__EXERCISE DESCRIPTION__
An exact, complete copy of the entries is needed, with the pictures left out.

__DATASET CONTENT__
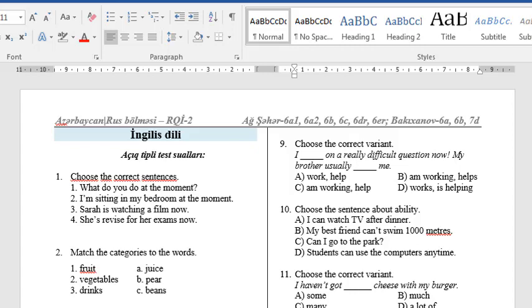Hello dear students! In this video I'm going to explain the questions and their answers in your exam. Let's get started!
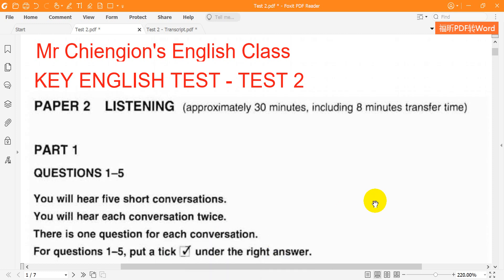This is the Key English Test, Paper 2, Listening. Test number 2. There are five parts to the test: parts 1, 2, 3, 4, and 5.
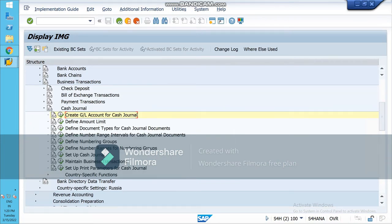The next step is 'Define Amount Limit.' Right now you need not do anything in this part, but in real time you have to define the maximum amount which can be used for cash journal — it can be 51,000. Then the third step is 'Define Document Types,' just like we have defined for other postings.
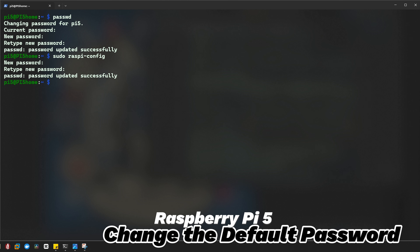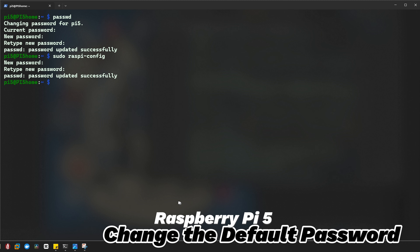Remember that changing the default password is a critical step to securing your Raspberry Pi, especially if you are using it as a server or for remote access. If you found this video helpful, hit the like button and subscribe to the IT Samurai Teacher channel for more tech tips and tutorials. Drop a comment below if you have any questions or suggestions for future videos. Thanks for watching — IT Samurai Teacher, signing out!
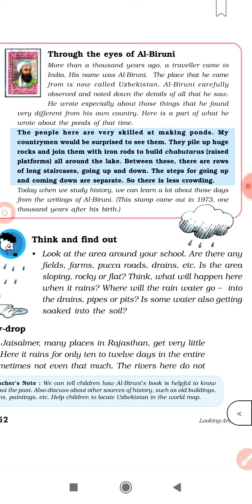Albiruni wrote: 'My countrymen would be surprised to see them.' — मेरे देशवासी उसे देख कर बहुत surprised होंगे। 'They pile up huge rocks and join them with iron rods to build raised platforms' — वो बड़े-बड़े rocks को iron rods की help से join करके platforms बनाते हैं। 'All around the lake, between these there are rows of long staircases going up and down.' The steps for going up and coming down are separated, so there is less crowding.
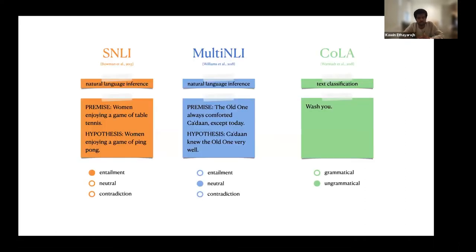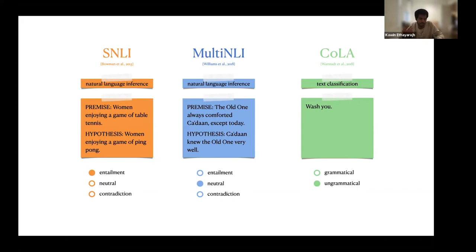To test this experimentally, we considered three canonical NLP datasets. The first is SNLI, a natural language inference dataset where the goal is to predict whether a hypothesis entails, contradicts, or is neutral to a given premise. Multi-NLI is a similar dataset containing data from multiple different domains. Lastly, COLA is a grammaticality detection dataset where the goal is to predict whether a particular text is grammatical or ungrammatical.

__REPLY__
Hello dear students! In this video I'm going to explain the questions and their answers in your exam. Let's get started!
This is the Key English Test, Paper 2, Listening. Test number 2. There are five parts to the test: parts 1, 2, 3, 4, and 5.
The next step is 'Define Amount Limit.' Right now you need not do anything in this part, but in real time you have to define the maximum amount which can be used for cash journal — it can be 51,000. Then the third step is 'Define Document Types,' just like we have defined for other postings.
Remember that changing the default password is a critical step to securing your Raspberry Pi, especially if you are using it as a server or for remote access. If you found this video helpful, hit the like button and subscribe to the IT Samurai Teacher channel for more tech tips and tutorials. Drop a comment below if you have any questions or suggestions for future videos. Thanks for watching — IT Samurai Teacher, signing out!
Albiruni wrote: 'My countrymen would be surprised to see them.' — मेरे देशवासी उसे देख कर बहुत surprised होंगे। 'They pile up huge rocks and join them with iron rods to build raised platforms' — वो बड़े-बड़े rocks को iron rods की help से join करके platforms बनाते हैं। 'All around the lake, between these there are rows of long staircases going up and down.' The steps for going up and coming down are separated, so there is less crowding.
To test this experimentally, we considered three canonical NLP datasets. The first is SNLI, a natural language inference dataset where the goal is to predict whether a hypothesis entails, contradicts, or is neutral to a given premise. Multi-NLI is a similar dataset containing data from multiple different domains. Lastly, COLA is a grammaticality detection dataset where the goal is to predict whether a particular text is grammatical or ungrammatical.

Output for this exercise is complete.